### Task prompt
Images excluded, repeat each entry below exactly.

### Input data
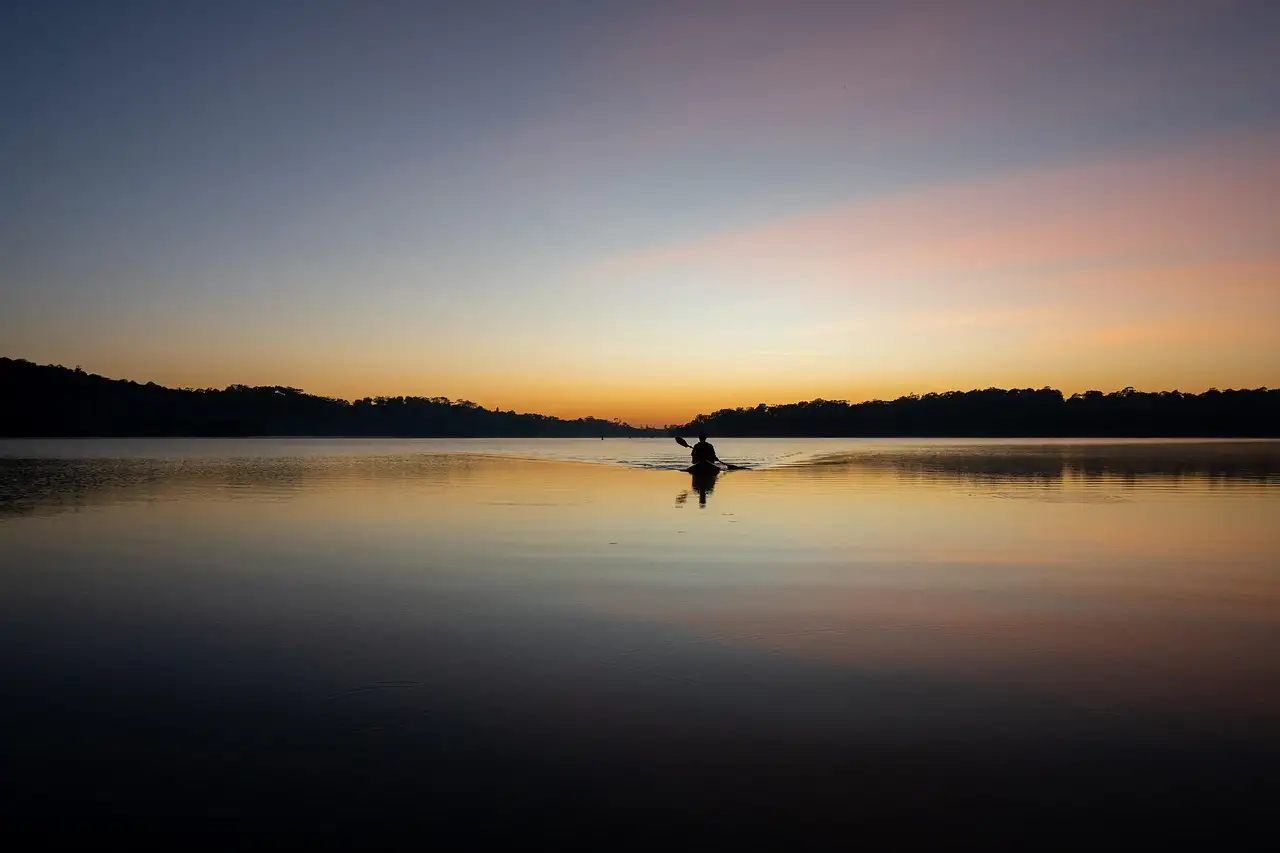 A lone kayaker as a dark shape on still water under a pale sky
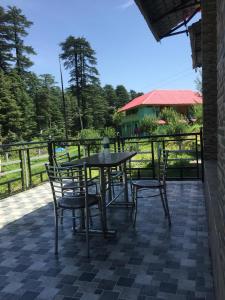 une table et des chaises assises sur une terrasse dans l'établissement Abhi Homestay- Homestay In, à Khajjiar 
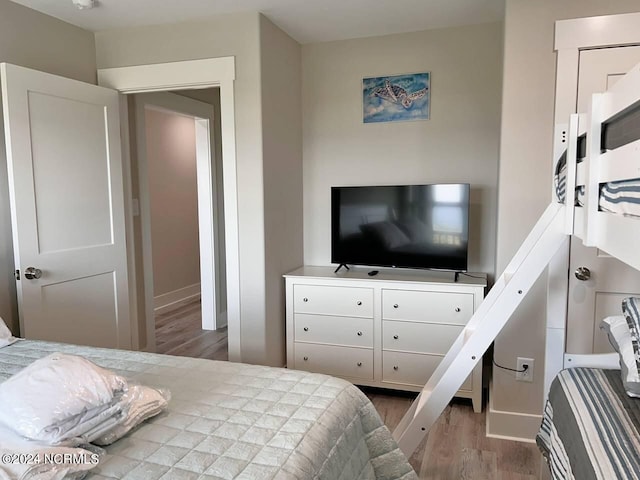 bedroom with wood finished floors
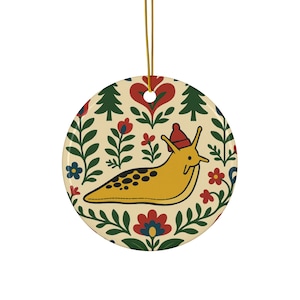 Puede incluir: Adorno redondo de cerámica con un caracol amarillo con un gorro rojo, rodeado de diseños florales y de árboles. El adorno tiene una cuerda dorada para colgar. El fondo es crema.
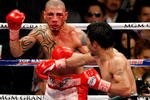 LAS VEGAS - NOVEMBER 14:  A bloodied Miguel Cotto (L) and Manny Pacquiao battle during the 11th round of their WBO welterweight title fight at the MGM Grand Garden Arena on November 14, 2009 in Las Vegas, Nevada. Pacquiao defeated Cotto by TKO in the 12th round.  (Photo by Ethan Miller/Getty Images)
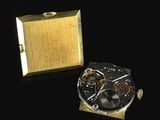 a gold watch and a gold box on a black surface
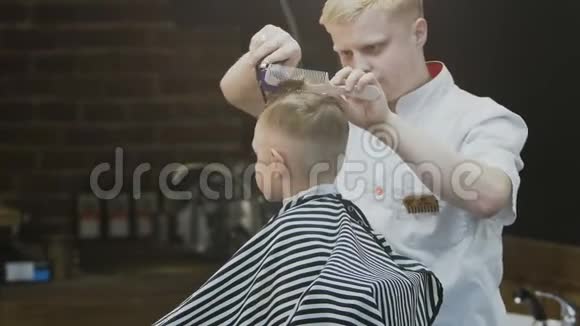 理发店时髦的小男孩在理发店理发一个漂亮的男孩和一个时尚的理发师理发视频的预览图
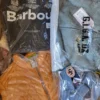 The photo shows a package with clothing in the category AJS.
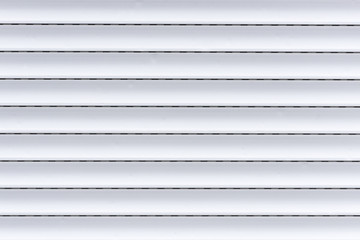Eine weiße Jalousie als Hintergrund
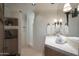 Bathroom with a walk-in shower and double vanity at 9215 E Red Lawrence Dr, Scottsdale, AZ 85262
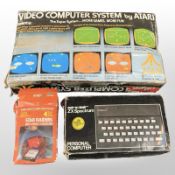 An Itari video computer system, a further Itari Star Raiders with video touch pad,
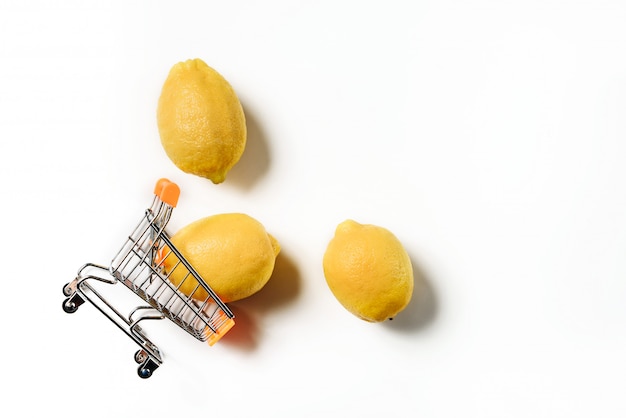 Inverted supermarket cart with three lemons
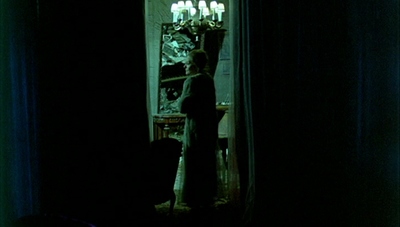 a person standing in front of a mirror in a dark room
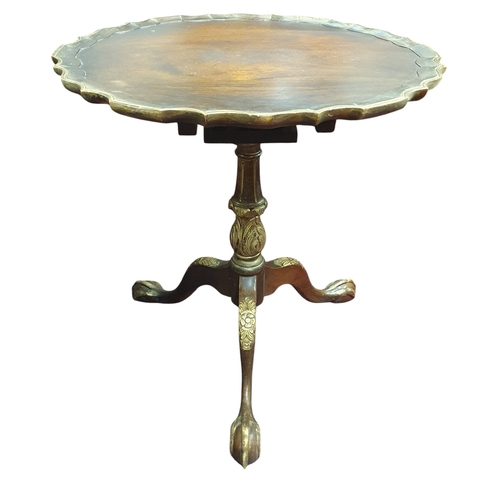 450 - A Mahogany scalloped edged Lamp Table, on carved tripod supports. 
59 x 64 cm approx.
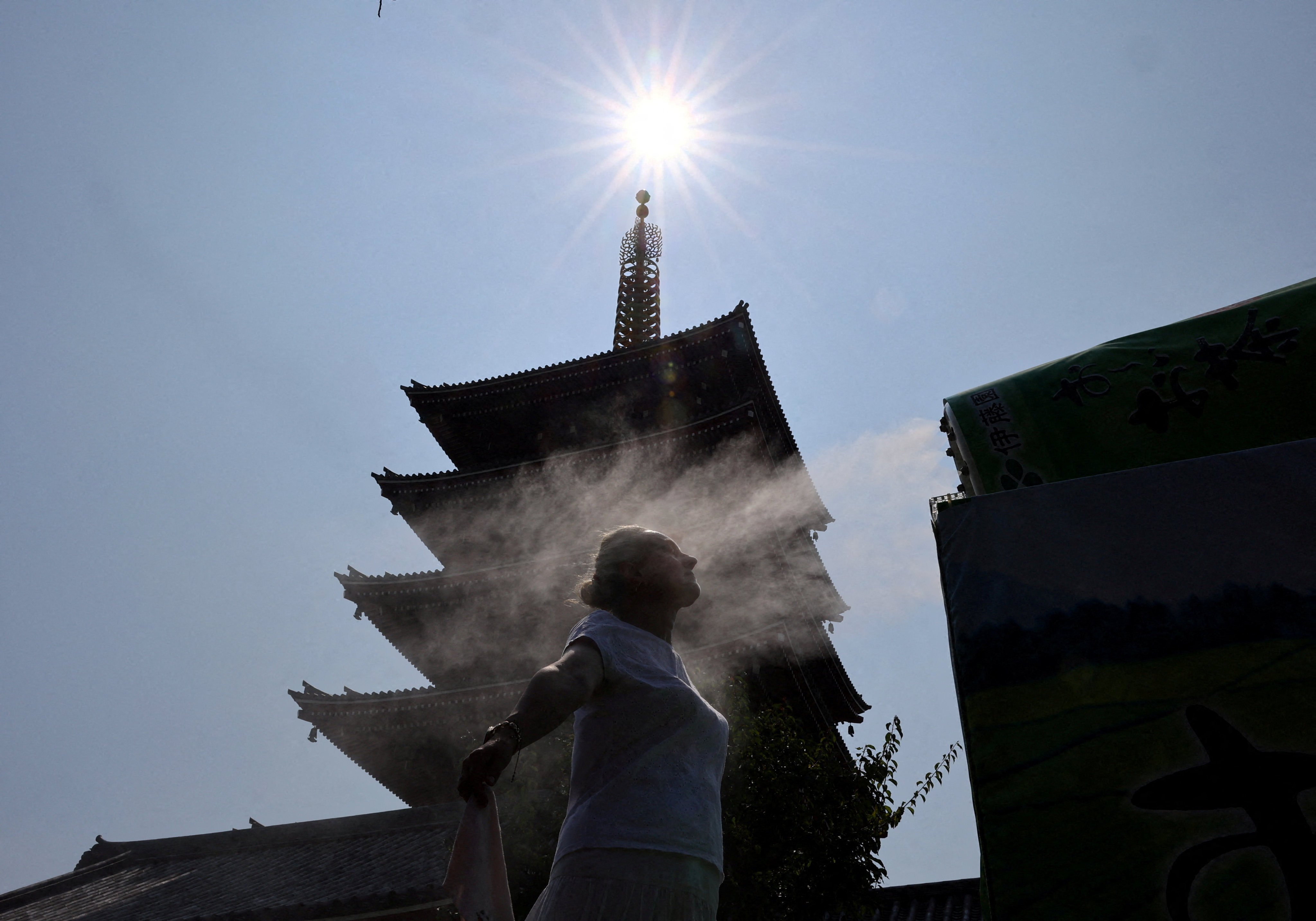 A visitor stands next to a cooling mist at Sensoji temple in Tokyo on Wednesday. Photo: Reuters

### Task answer
 A lone kayaker as a dark shape on still water under a pale sky
 une table et des chaises assises sur une terrasse dans l'établissement Abhi Homestay- Homestay In, à Khajjiar 
 bedroom with wood finished floors
 Puede incluir: Adorno redondo de cerámica con un caracol amarillo con un gorro rojo, rodeado de diseños florales y de árboles. El adorno tiene una cuerda dorada para colgar. El fondo es crema.
 LAS VEGAS - NOVEMBER 14:  A bloodied Miguel Cotto (L) and Manny Pacquiao battle during the 11th round of their WBO welterweight title fight at the MGM Grand Garden Arena on November 14, 2009 in Las Vegas, Nevada. Pacquiao defeated Cotto by TKO in the 12th round.  (Photo by Ethan Miller/Getty Images)
 a gold watch and a gold box on a black surface
 理发店时髦的小男孩在理发店理发一个漂亮的男孩和一个时尚的理发师理发视频的预览图
 The photo shows a package with clothing in the category AJS.
Eine weiße Jalousie als Hintergrund
 Bathroom with a walk-in shower and double vanity at 9215 E Red Lawrence Dr, Scottsdale, AZ 85262
 An Itari video computer system, a further Itari Star Raiders with video touch pad,
 Inverted supermarket cart with three lemons
 a person standing in front of a mirror in a dark room
 450 - A Mahogany scalloped edged Lamp Table, on carved tripod supports. 
59 x 64 cm approx.
 A visitor stands next to a cooling mist at Sensoji temple in Tokyo on Wednesday. Photo: Reuters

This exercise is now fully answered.